Supplied data
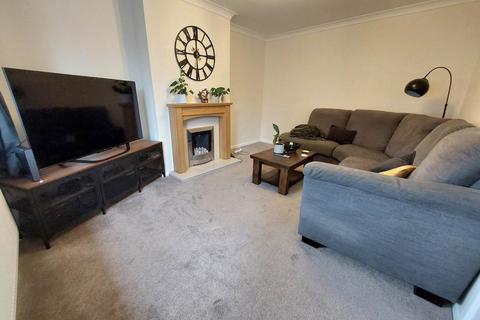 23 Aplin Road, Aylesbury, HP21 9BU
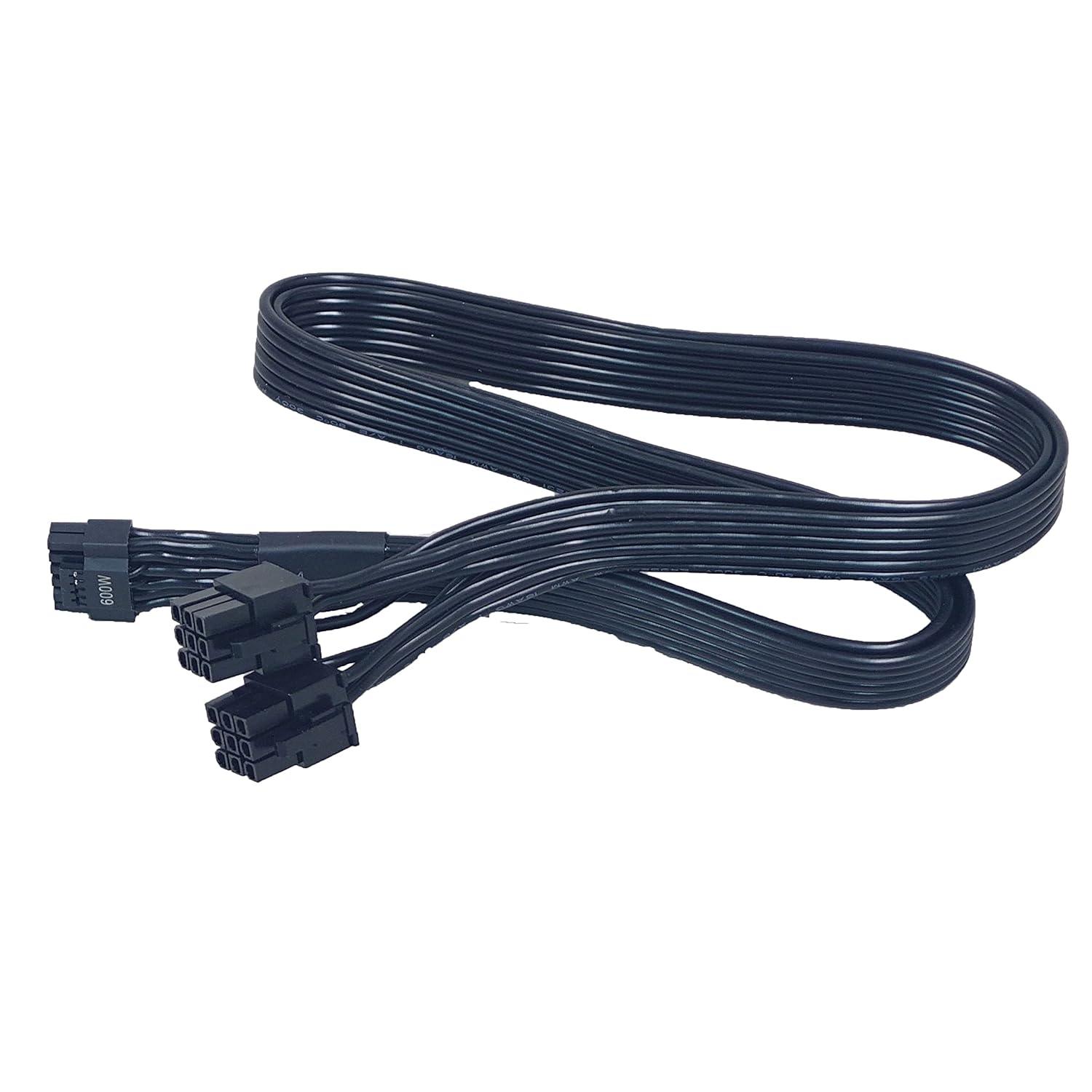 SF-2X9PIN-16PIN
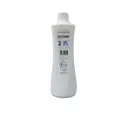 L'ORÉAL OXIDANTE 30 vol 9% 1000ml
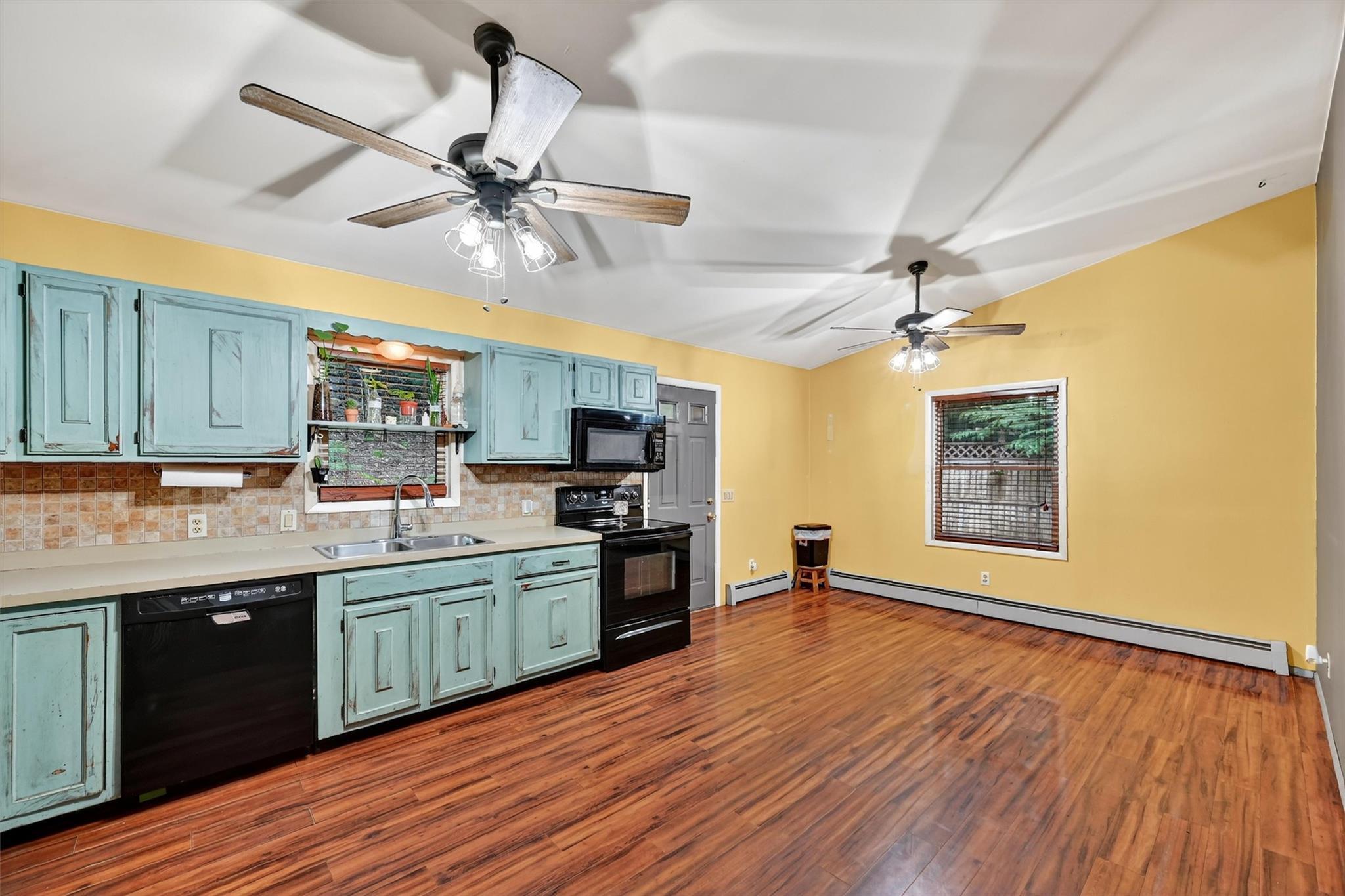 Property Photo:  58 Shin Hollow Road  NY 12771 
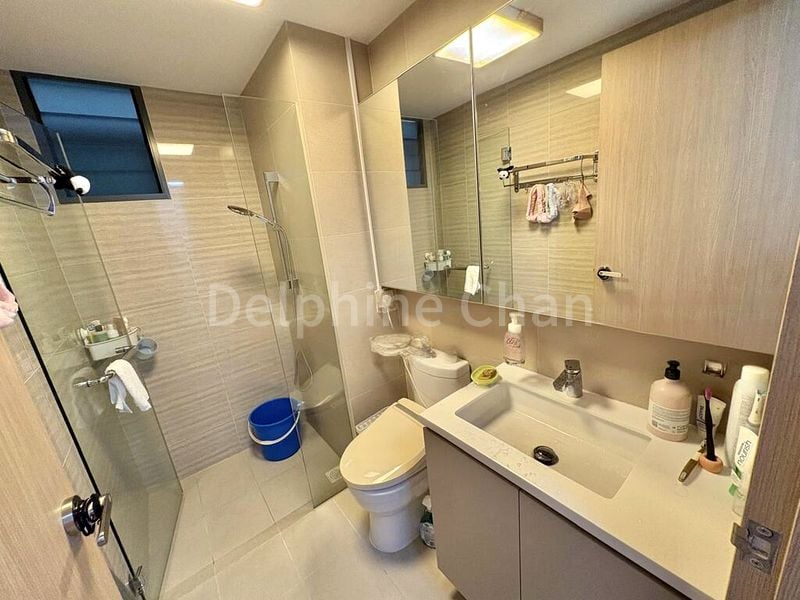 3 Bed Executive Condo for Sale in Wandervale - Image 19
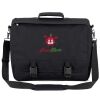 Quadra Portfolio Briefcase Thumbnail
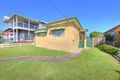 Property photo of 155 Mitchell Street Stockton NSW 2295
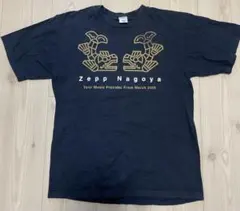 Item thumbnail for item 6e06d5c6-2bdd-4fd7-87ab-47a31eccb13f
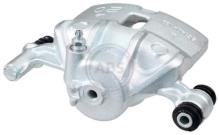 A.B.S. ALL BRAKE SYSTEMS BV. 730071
* * *
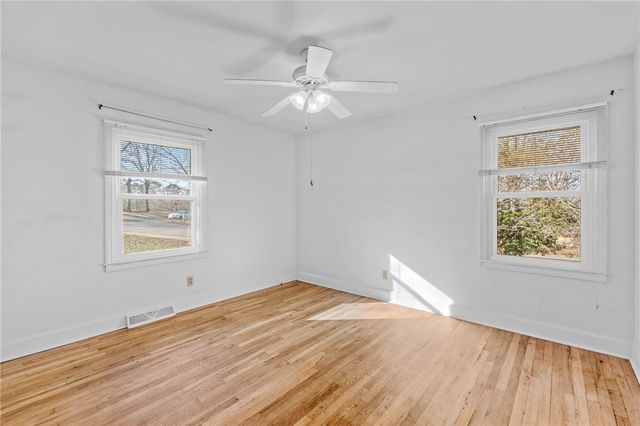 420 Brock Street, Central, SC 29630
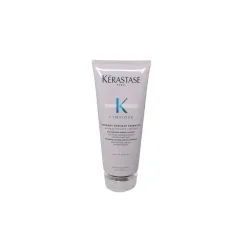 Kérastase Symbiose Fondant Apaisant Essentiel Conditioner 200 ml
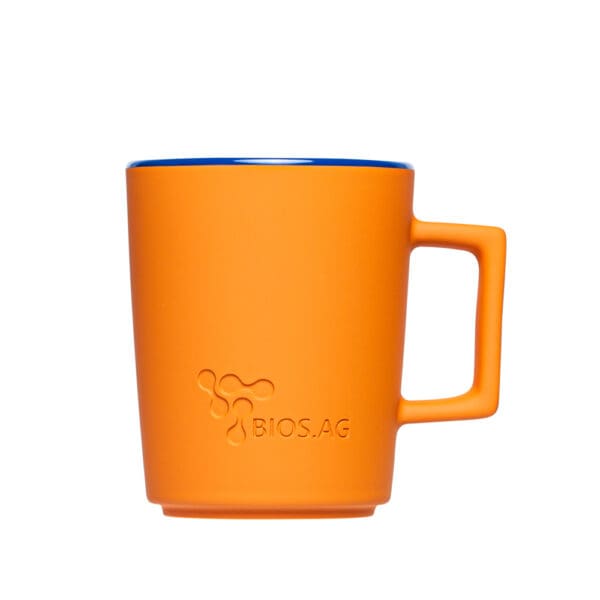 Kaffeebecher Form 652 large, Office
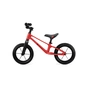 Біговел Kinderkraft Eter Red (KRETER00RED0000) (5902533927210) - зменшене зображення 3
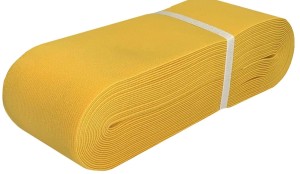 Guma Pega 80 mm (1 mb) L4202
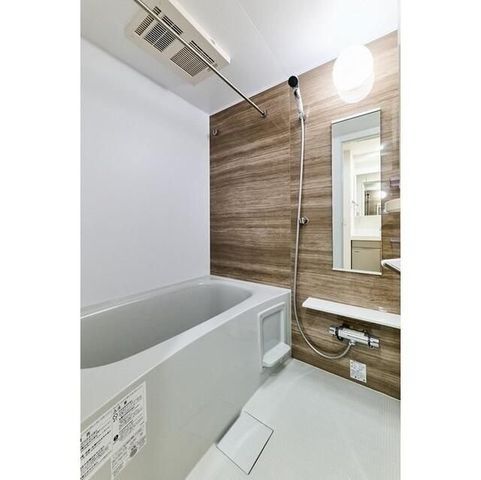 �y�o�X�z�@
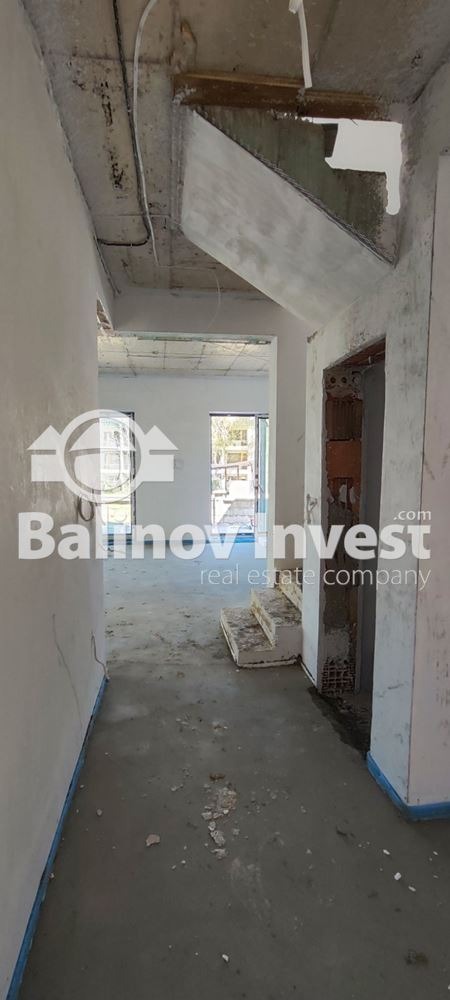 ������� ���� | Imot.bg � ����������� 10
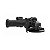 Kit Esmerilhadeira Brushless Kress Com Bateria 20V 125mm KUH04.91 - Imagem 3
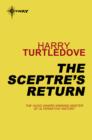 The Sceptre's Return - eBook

How to complete this task
Skipping the pictures, print the lines in the listing above exactly as written, starting at the line with "23 Aplin Road, Aylesbury, HP21 9BU" and ending at the line with "A.B.S. ALL BRAKE SYSTEMS BV. 730071", both included.

Task response
 23 Aplin Road, Aylesbury, HP21 9BU
 SF-2X9PIN-16PIN
 L'ORÉAL OXIDANTE 30 vol 9% 1000ml
 Property Photo:  58 Shin Hollow Road  NY 12771 
 3 Bed Executive Condo for Sale in Wandervale - Image 19
 Quadra Portfolio Briefcase Thumbnail
 Property photo of 155 Mitchell Street Stockton NSW 2295
 Item thumbnail for item 6e06d5c6-2bdd-4fd7-87ab-47a31eccb13f
 A.B.S. ALL BRAKE SYSTEMS BV. 730071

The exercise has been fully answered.